Forum für Wissenschaft, Industrie und Wirtschaft

Hauptsponsoren:     3M 
Datenbankrecherche:

 

Chemikalienpolitik der EU

10.07.2001


EU-Chemikalienpolitik: Risikoanalysen stärken Gesundheits- und Umweltschutz

Ergebnisse eines Vergleichs: EU, Japan, USA

In den USA werden jährlich etwa dreimal soviel neue chemische Stoffe angemeldet wie in der EU. Das europäische System der Chemikalienkontrolle ist zu bürokratisch und zu starr, denn die Testanforderungen für Chemikalien hängen hier in erster Linie vom Produktionsvolumen bzw. der Einfuhrmenge und nicht vom Risiko ab.
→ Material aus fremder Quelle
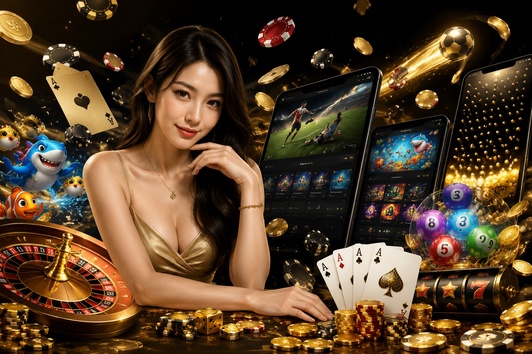 mgm777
Diese geringe Flexibilität führt auch zu vergleichsweise hohen Kosten für Neuanmeldungen in der EU. Eine ökonomischere und sicherere Handhabung für die EU schlägt Dr. Manfred Fleischer vom Wissenschaftszentrum Berlin für Sozialforschung (WZB) in seiner Studie vor, die er für die Europäische Kommission in der EU, in Japan und den USA durchgeführt hat.

Das amerikanische System der Chemikalienkontrolle ist flexibler. Es gilt der Grundsatz, daß nur jene Chemikalien reguliert werden, die ein unzumutbares Risiko bergen. So sind die Mindestanforderungen bei der Anmeldung neuer Stoffe zwar gering, doch die Environmental Protection Agency (EPA) kann abhängig vom erwarteten Gesundheits- und Umweltrisiko des neuen Stoffs weitere Daten verlangen. Das kann zu einem hohen Maß an Unsicherheit über die Anmeldung bei den Unternehmen führen. Diese Unsicherheit drückt sich in unerwarteten Testanforderungen aus, die entsprechend zusätzliche Testkosten und Zeitverzögerungen bedeuten können.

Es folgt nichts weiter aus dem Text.